A 27 de Fevereiro de 2021, escrevi aqui, no Jornal da Madeira, um artigo de opinião intitulado “O Paradoxal Paradoxo”. Nele me queixava da intolerância contra os intolerantes e do uso ignorante do Paradoxo da Intolerância como argumento para censurar, pela força, a intolerância alheia. Ler o paradoxo de Popper só até onde interessa, evitando a conclusão do mesmo, se não é ignorância é desonestidade intelectual. Mas sigamos em frente, que atrás vem gente.
André Ventura disse umas coisas no Parlamento que alguns, bastantes, ao que parece, interpretam como sendo xenofóbicas. Em vez de praticar a paciência do chinês, atiraram-se ao Presidente da Assembleia que se viu grego para explicar que a intolerância também se expressa quando se quer calar o intolerante. Diziam, os auto-proclamados arautos da tolerância, que era preciso praticar a censura naquele caso. Apenas naquele caso, claro, porque o Douto e infame deputado ofendeu alguém inespecífico que nem sei se se sentiu deveras ofendido. De qualquer das formas, houve ofensa e esta deve ser punida, nem que seja oferecendo ao ruidoso deputado, e ao seu partido unipessoal, mais votos dos descontentes da nação. É para aprenderem! Ainda vão ter de governar; vão ver o que custa! (Ai não é essa a intenção?)
Entretanto ouvi, enquanto conduzia de rádio ligado, alguém dizer que a liberdade de expressão não implica a ofensa. Errado: é exactamente isso que implica — é exactamente por isso que é discutida e defendida, para que o “sentir-se ofendido” não seja usado como desculpa para censurar; especialmente quando a ofensa é sentida por procuração não solicitada. Eu, por exemplo, defendo a liberdade de expressão para todos quantos já me chamaram de fascista (quando eu defendo menos Estado), de socialista (sim, já me insultaram com esta violência), ou de neoliberal (sem me explicarem bem o que quer dizer). Ou estes epítetos ignorantes, nocivos e absurdos (por esta ordem, se quiserem), não constituem ofensa digna da intolerância dos tolerantes de serviço? Quem decide que ofensa constitui uma barreira à tolerância? Karl Popper, o do paradoxo, diz que é a ameaça física, não palavras feias, discordâncias e muito menos ideologias de que não gostamos. Eu não gosto de comunismo, entre muitas outras coisas; devo exigir a sua censura? Não. Nunca. Antes defendo que ninguém seja censurado por divulgar ou defender tão abjecta ideologia (é a minha opinião, aguentem-se).

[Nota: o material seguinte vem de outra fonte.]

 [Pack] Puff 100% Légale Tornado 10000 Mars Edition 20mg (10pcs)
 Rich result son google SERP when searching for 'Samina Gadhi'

Prefiro debatê-los, ou convencer terceiros a acompanhar-me na objecção a esta corrente ideológica.
Eu não nutro grande simpatia pelo André Ventura, nem tenho grande confiança no Chega. Qualquer partido cujo programa político implique mais Estado na minha vida, como é o caso, não me merece mais do que aversão. De qualquer das formas, enquanto não houver a ameaça efectiva da passagem da barreira da imposição pela força das ideias desconexas que tentam passar por ideologia, é preferível debater, rebater, ou até mesmo escarnecer deles, a censurá-los pela força. Querem censurá-los em casa? Mudem de canal à vontade; afastem as pessoas dos vossos círculos sociais; cortem relações com aquele tio que diz que no tempo do Estado-Novo é que era! Façam o que quiserem da vossa vida, mas não ilegalizem opiniões, ideias ou parvoíces.
Lembrem-se sempre: se forçarmos o abjecto a esconder-se, ele não deixa de existir nem de se espalhar. Antes existe sem sabermos, espalha-se sem o rebatermos e no fim, quando damos por isso, está-nos dentro de casa.